Pero, ¿por qué VOX? Y también, ¿por qué ahora? Esas preguntas debieran hacérselas todos los partidos políticos. Sin posponerlas y sin evitar la autocrítica. Todo lo relacionado con el "asunto catalán" ha enturbiado tanto el ambiente político español que no dudo que haya sido causa directa del ascenso de la ultraderecha, precisamente ahora y a rebufo de lo que ya es una realidad en la mayor parte del resto de países de Europa. Pero hay más. La izquierda en España, a mi juicio, vive una pérdida de valores; lleva tiempo olvidando e incluso despreciando ciertos emblemas que en otras naciones no se discuten.
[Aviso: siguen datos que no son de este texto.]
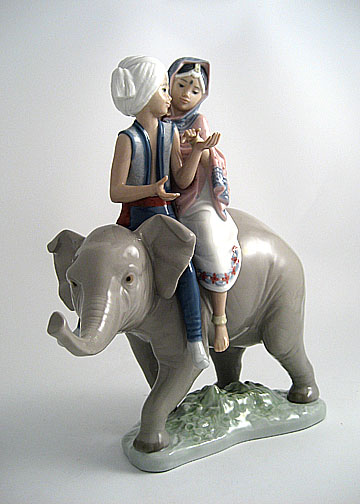 Lladro Hindu Children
Y todo ello coqueteando y simpatizando con los partidos nacionalistas o directamente secesionistas, en lugar de tratar de mantener un equilibrio sin cuestionar en demasía los valores que refleja la Constitución. La nueva izquierda española (Podemos, básicamente) no se siente reflejada en el ordenamiento surgido en la Transición y se siente más cómoda con aquellos que directamente quieren acabar con él y con el Estado. Está radicalizada.

España ha perdido el centro. La radicalidad de la que hablo e incluso la intolerancia ha ganado terreno a la mesura y al reformismo, al diálogo y al parlamentarismo. Y nadie debe mirar para otro lado. ¿Cómo es eso de que el mismo lunes en Málaga, Sevilla y Granada se convocaran manifestaciones (no autorizadas) para protestar contra los 12 diputados conseguidos por VOX?  ¿Y las protestas de ayer en Cádiz acompañadas de destrozos al mobiliario público? Ésto es democracia, señores, aunque no nos gusten sus postulados. Habrá que vencerlos con la palabra, para que vean que muchas de las cosas que defienden no tienen cabida en un régimen democrático.

Mi percepción personal es que el nuevo PP de Pablo Casado ha revitalizado los peores clichés de aquel Aznar en la oposición. Que Ciudadanos, partido que al inicio se autoproclamaba socialdemócrata y reformista, en los últimos tiempos ha perdido el centro. Sus ansias de poder le hacen defender los mismos postulados que los populares, e incluso en no pocas ocasiones con mucha más beligerancia. Que Albert Rivera y Pablo Casado coincidan en la indumentaria igual no es tanta casualidad. Ese viraje de estos dos partidos hacia las trincheras de la dura oposición ha envalentonado a aquellos que menos campaña han hecho en Andalucía porque muchos andaluces han perdido la fe en los partidos tradicionales, que ya no les representan. Y el discurso de VOX es mucho más barato de comprar, desde luego.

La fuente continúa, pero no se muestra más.